GIVEN RECORDS |
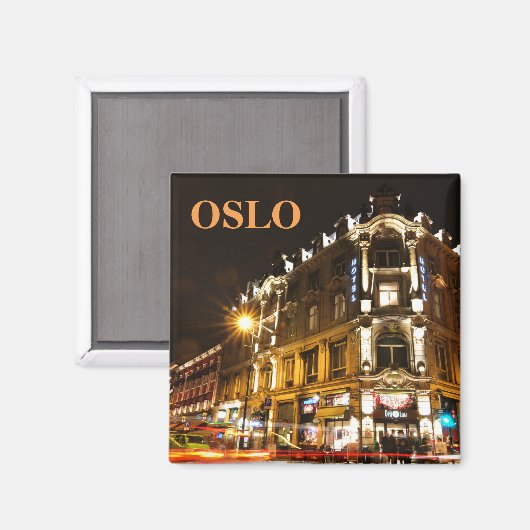 Oslo, Norwegen nachts Magnet (Vorderseite/Rückseite)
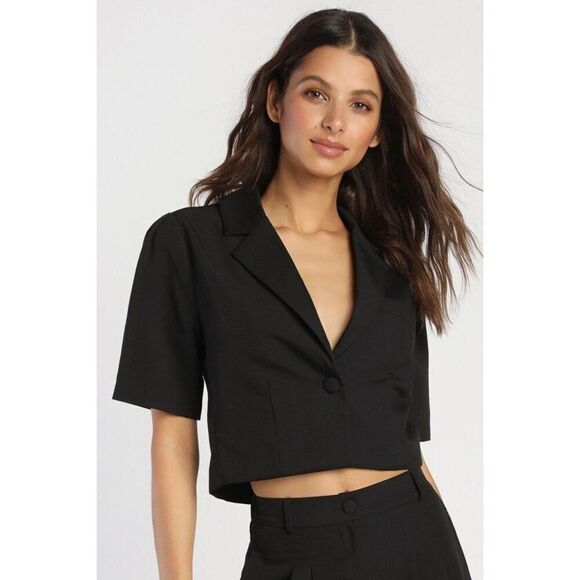 Lulus Posh Company Black Cropped Short Sleeve Blazer - Size XS - Picture 1 of 8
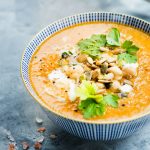 Vegetarian Soup from carrots, tomatoes, brocolli and chickpeas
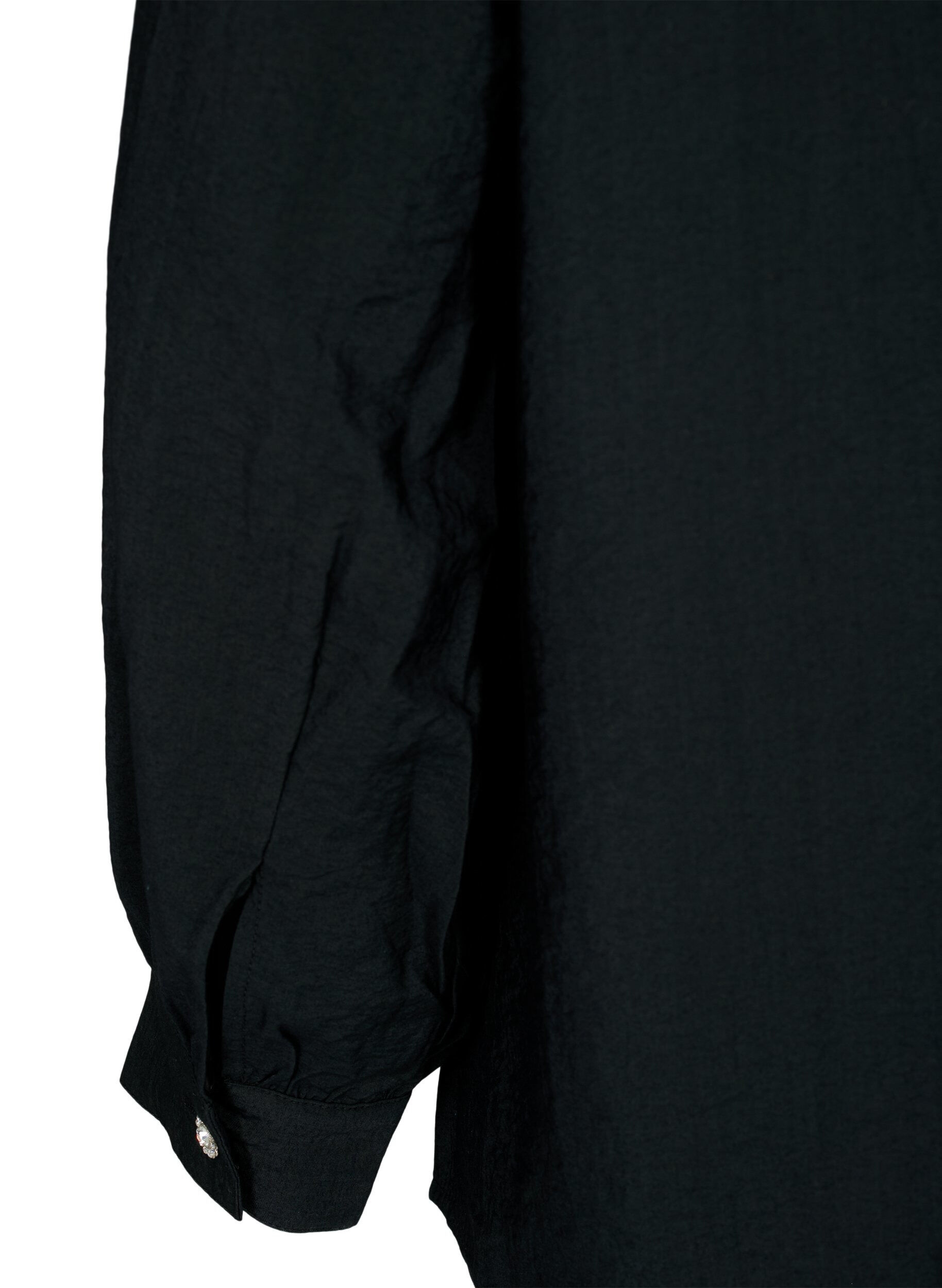 ZizziViscose overhemdblouse met ruches, Black, Packshot image number 3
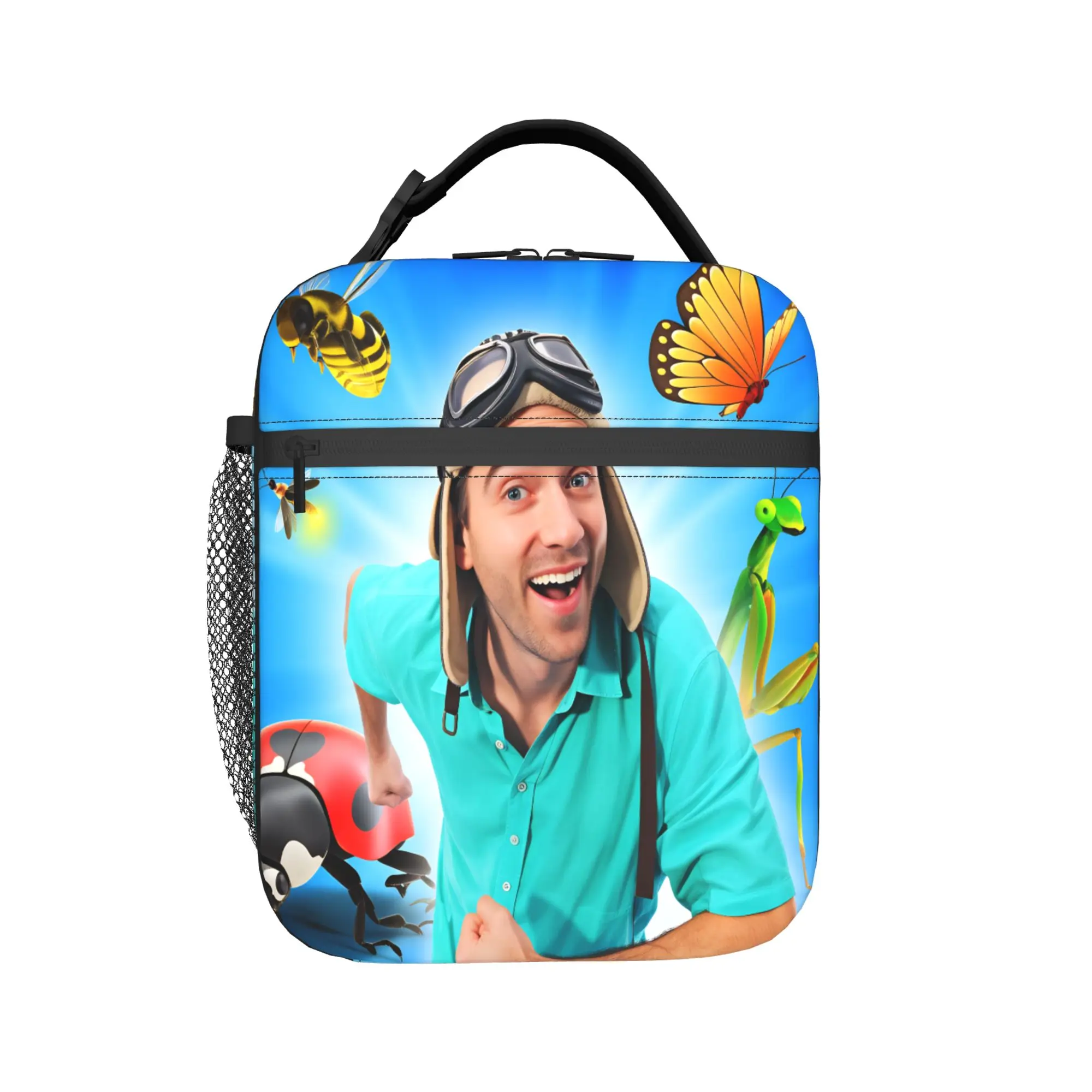 Dannys Go Lunch Bag  Vintage Lunch Box Travel Portable Zipper Thermal Tote Handbags For Unisex Oxford Print Cooler Bag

TASK BRIEF | Write out again, exactly, each line from the one with "Vegetarian Soup from" to the end of the entries. No pictures go in.

WRITTEN RESPONSE |
 Vegetarian Soup from carrots, tomatoes, brocolli and chickpeas
 ZizziViscose overhemdblouse met ruches, Black, Packshot image number 3
 Dannys Go Lunch Bag  Vintage Lunch Box Travel Portable Zipper Thermal Tote Handbags For Unisex Oxford Print Cooler Bag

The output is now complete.